Commercially Available White Tanner 4%

30 minutes in the same solution.

New liquid. 45 ° C. water 200, 0.3% oxalic acid 0.3%, 15 min. Spread leather to dry.

Compared with the known tanning method using aluminum tanning agent and white tanning agent, the combination of the white tannery and Na-Al silicate of this embodiment can improve the water resistance and obtain a leather product of better quality than the commercially available quality.

Claims (1)

Raw leather or sebum is represented by the following general formula, characterized in that the particle size is 0.1 to 25μ, the calcium binding capacity is contacted with particulate water-insoluble alkali aluminum silicate, which optionally contains water, at 20 to 200 mg CaO per gram of anhydrous substance.

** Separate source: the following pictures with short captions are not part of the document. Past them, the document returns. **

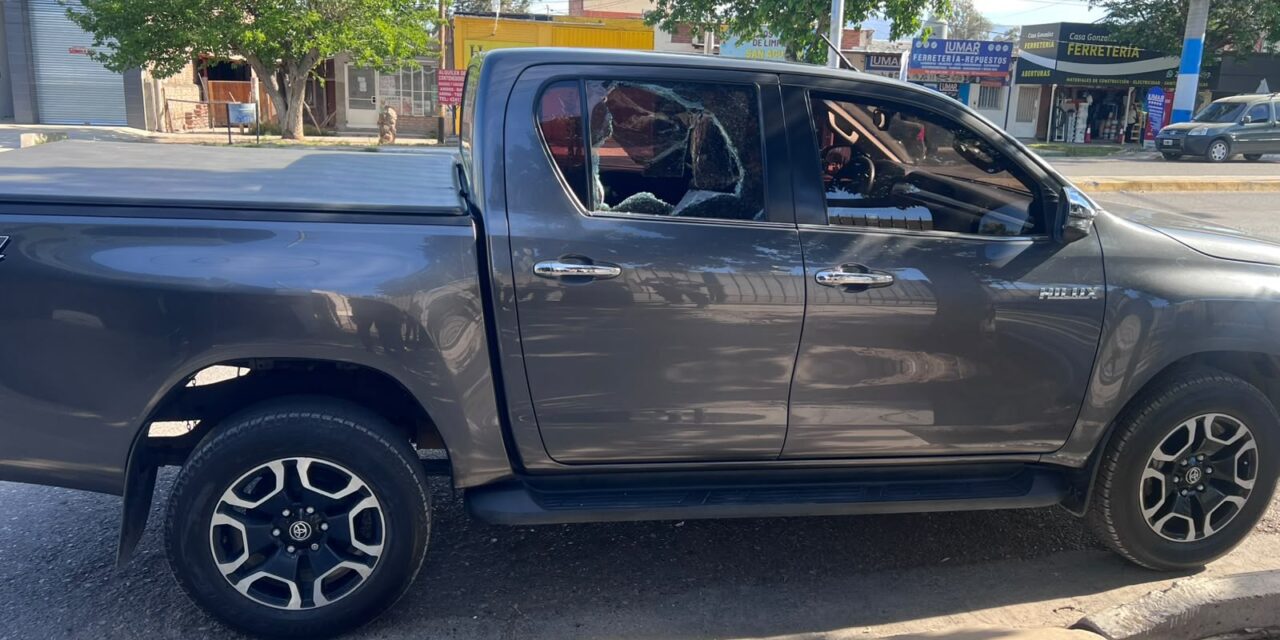Lo sorprendieron forzando una camioneta y terminó detenido en Pocito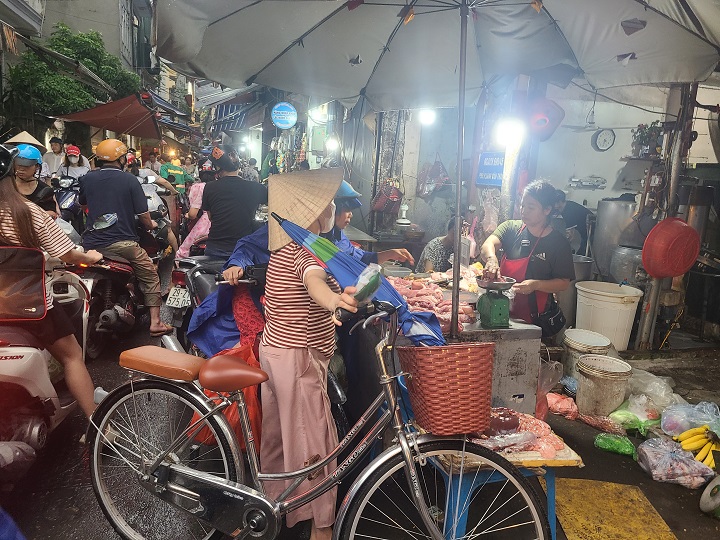 Thịt rau xanh tại các chợ dân sinh cháy hàng trước bão  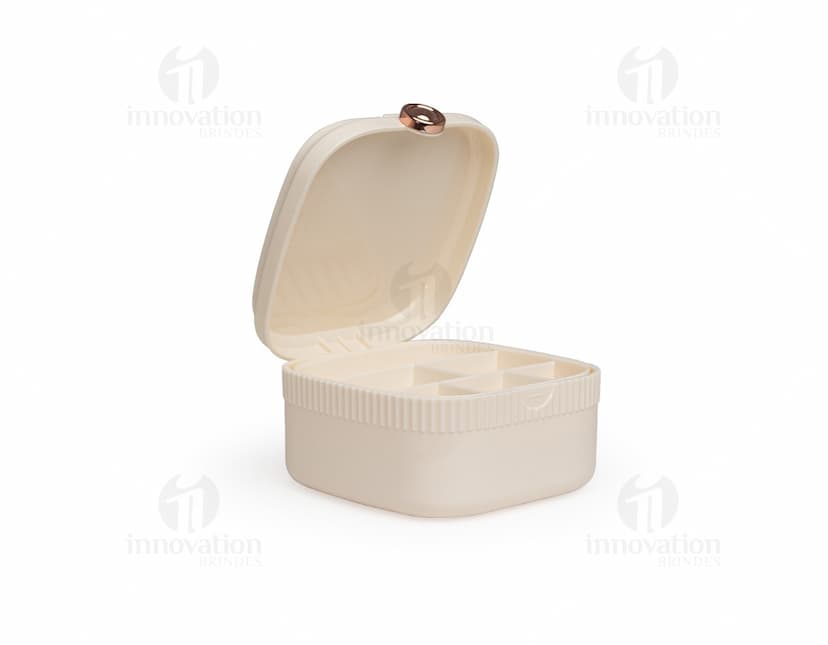 Porta-joias com espelho em formato retangular, com várias divisórias internas para organização de joias e acessórios. O exterior do porta-joias é revestido com um material brilhante e elegante. O espelho está localizado na parte interna da tampa do porta-joias.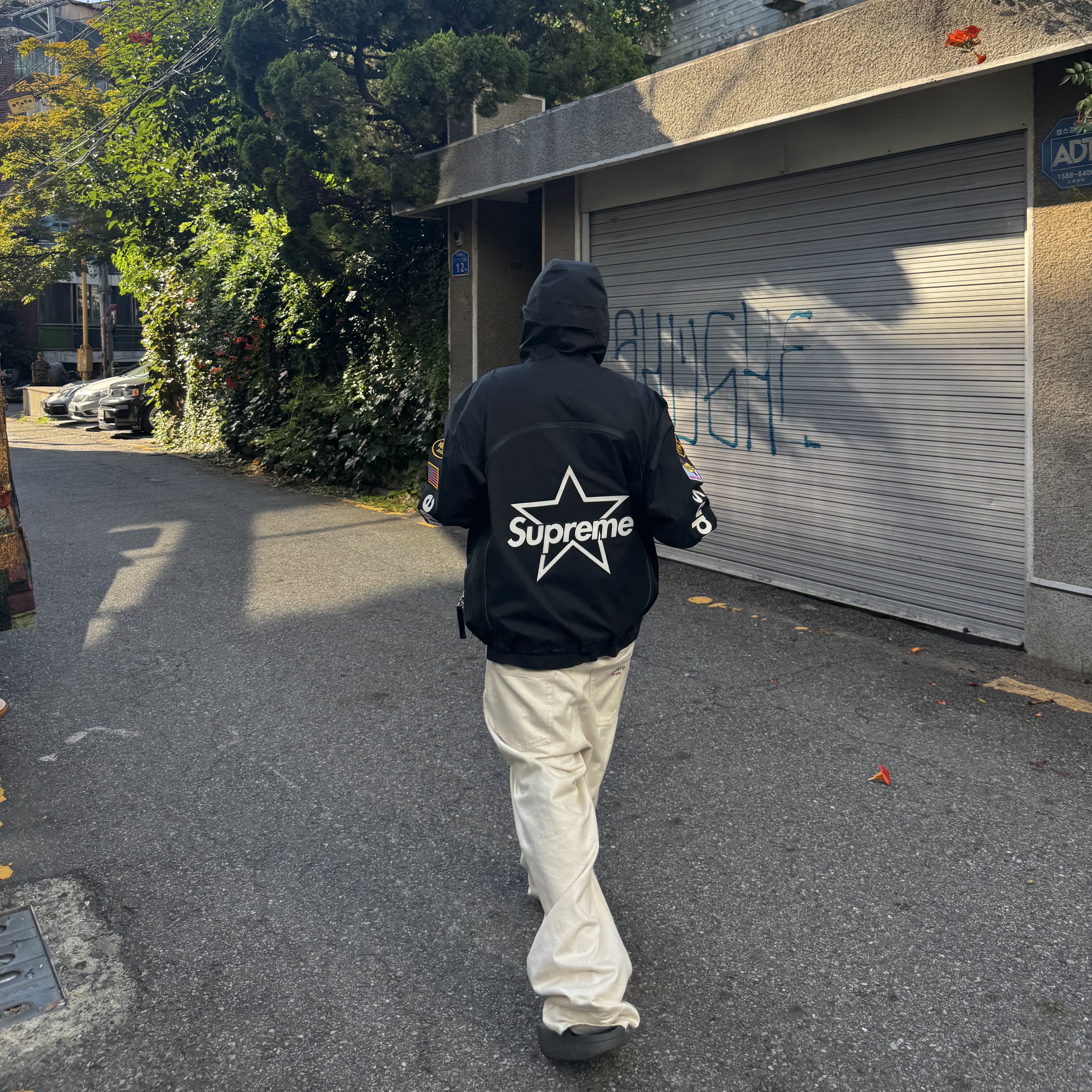 Supreme x Vanson Leathers Gore-Tex Shell Jacket Black - 25FW, Supreme Baggy Selvedge Jean Natural - 25FW 착용 스타일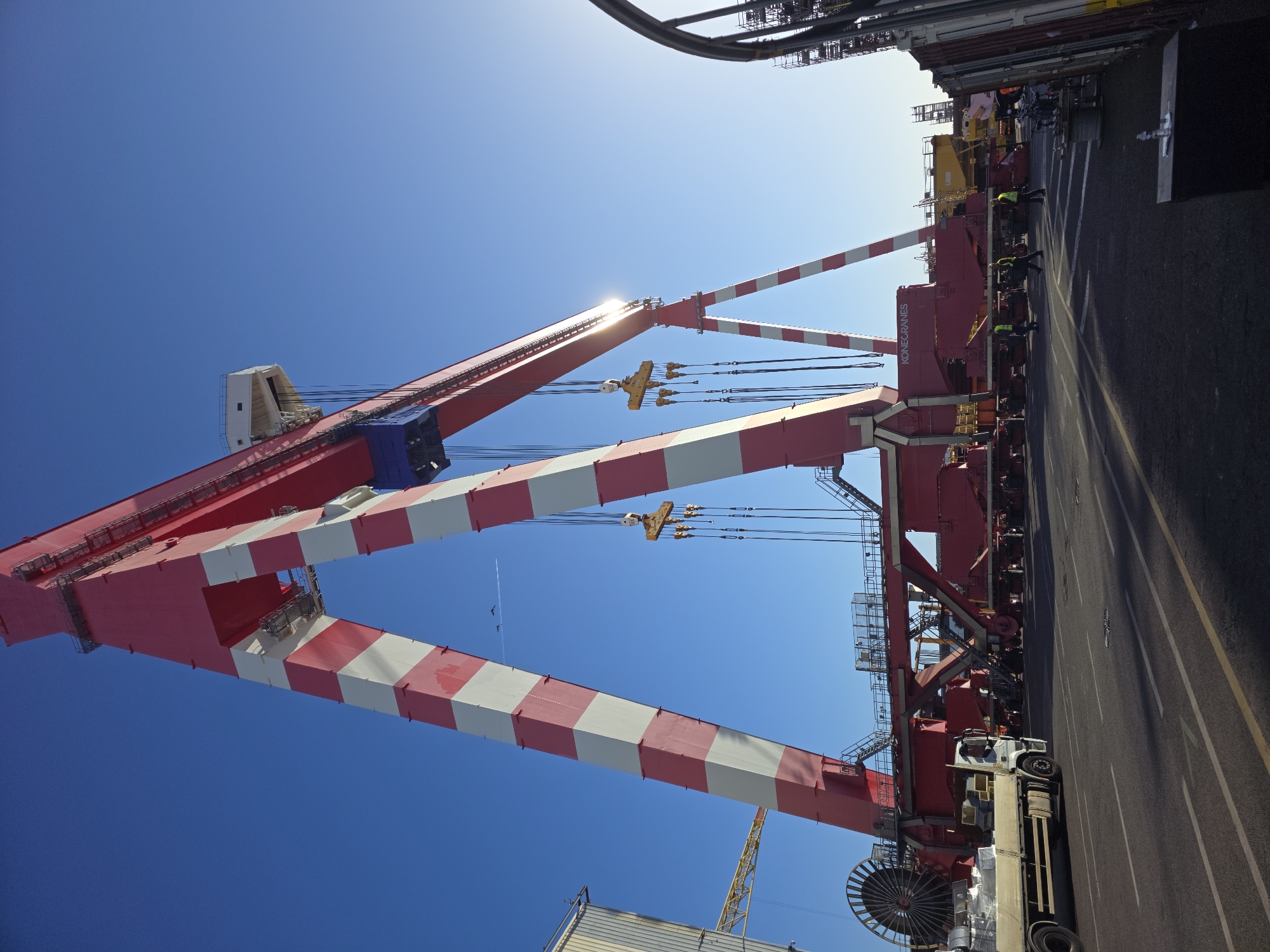 Morning shift at the Saint-Nazaire shipyard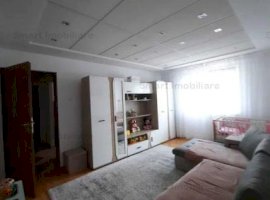 Apartament 2 camre recent renovat cu balcon, zona Mihai Viteazu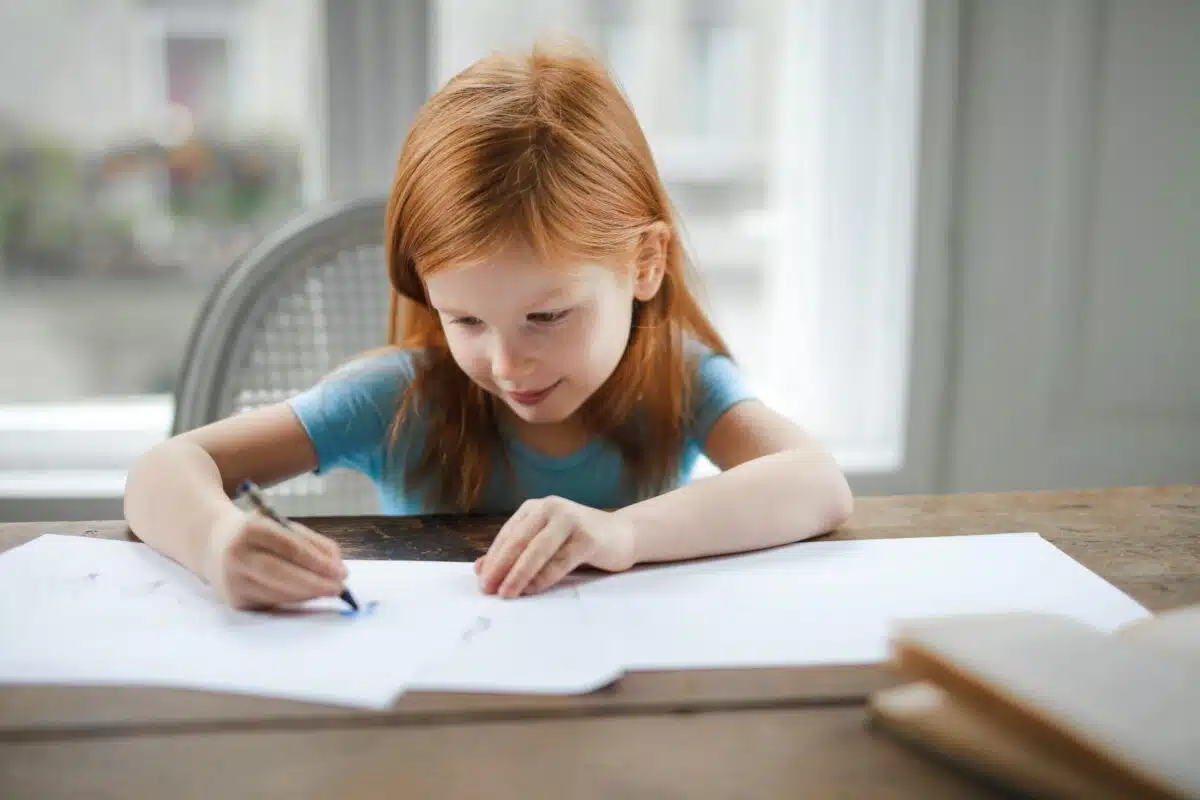 une petite fille faisant du coloriage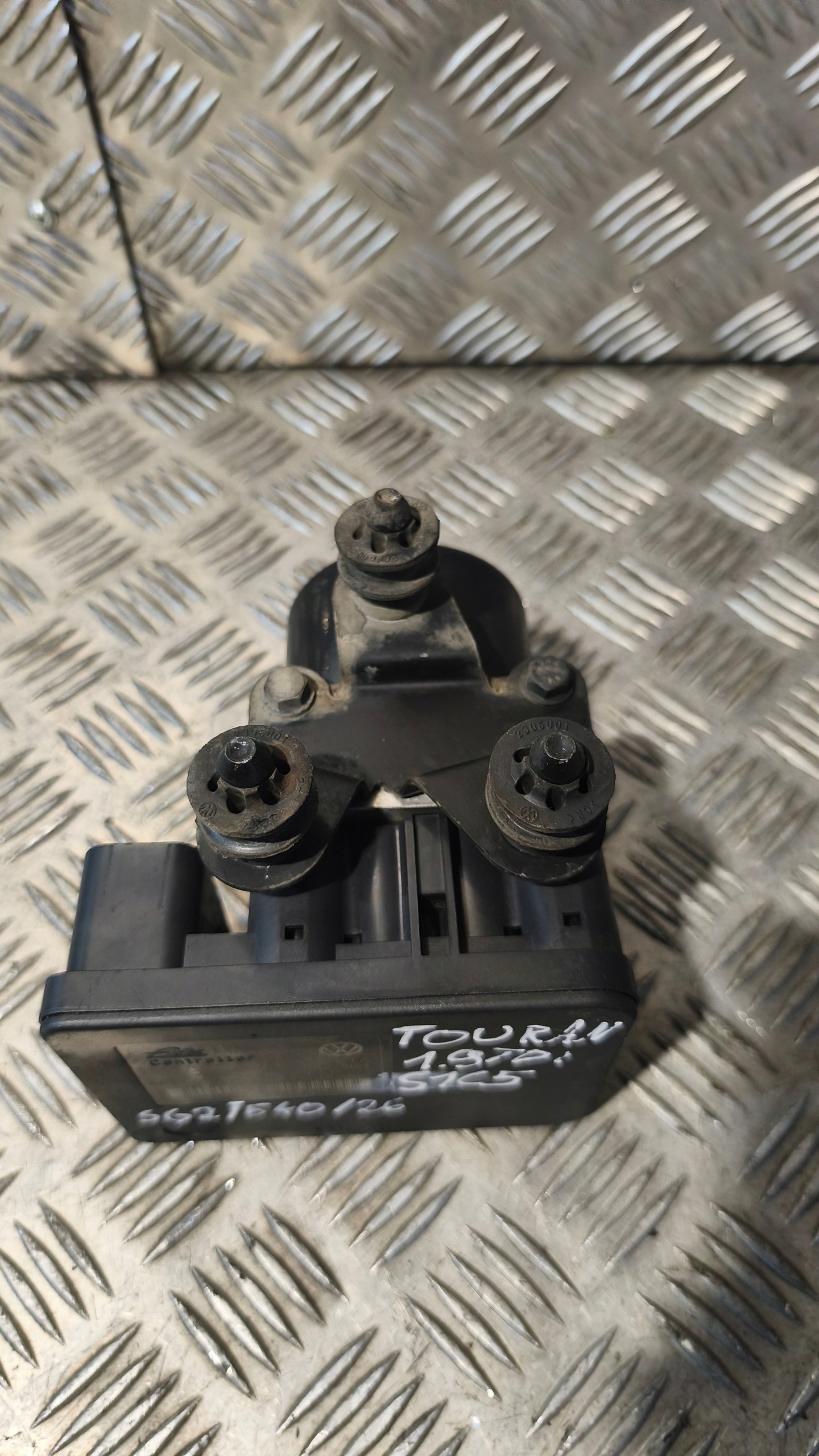 pumpa ABS VW TOURAN a 1.9TDI 1K0907379K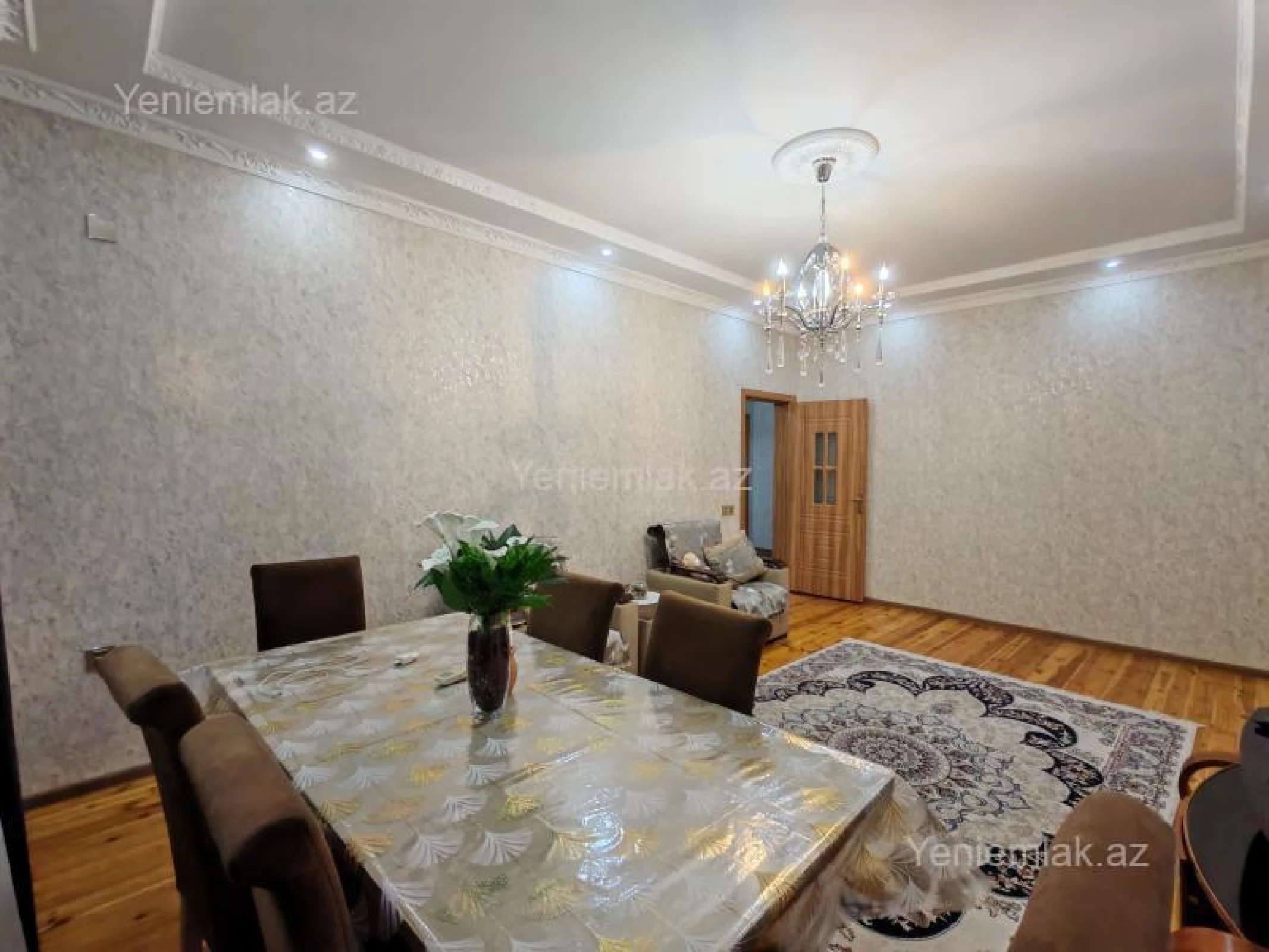 Satılır 7 otaqlı həyət evi 200 m²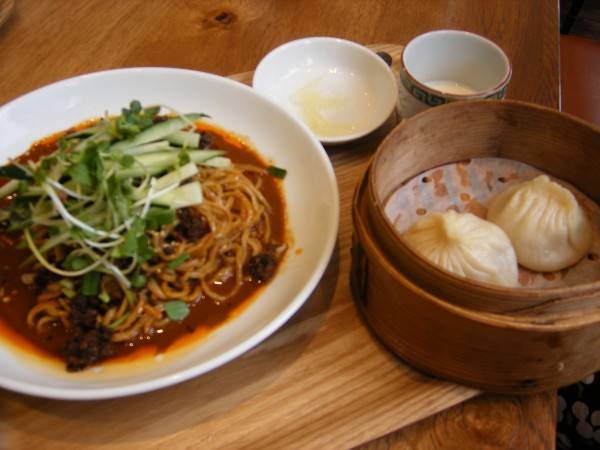 涼麺　黒ｺﾞﾏ坦々麺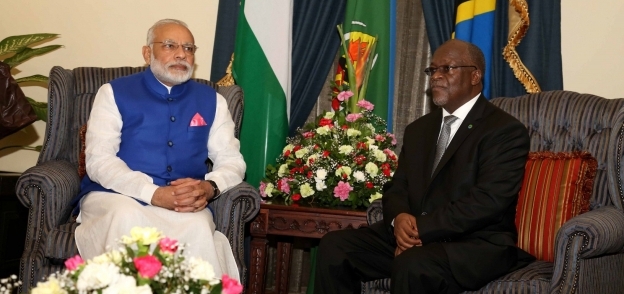 رئيس الوزراء الهندي مع الرئيس التنزاني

The amount of the alkali aluminum silicate is used in combination in an amount of 10 to 50 g based on 1 L of the treatment liquid and 10 to 50 g of an anionic and / or nonionic surfactant for the degreasing and pre-tanning of the smoothly treated raw hides. In the case of tanning and / or post-treatment of raw hides and leather products, the silicate is used in combination with chromium tanning and / or biological tanning agents in an amount of 5 to 80 g / l, and for the neutralization of the leather after tanning, A tanning method, characterized in that it uses an amount of 2 to 20 g / l of silicate. (Cat ₂ O) _x Al ₂ O ₃ (SiO ₂ ) _y , wherein Cat is an alkali metal ion, x is a number from 0.7 to 1.5, and y is a number from 0.8 to 6.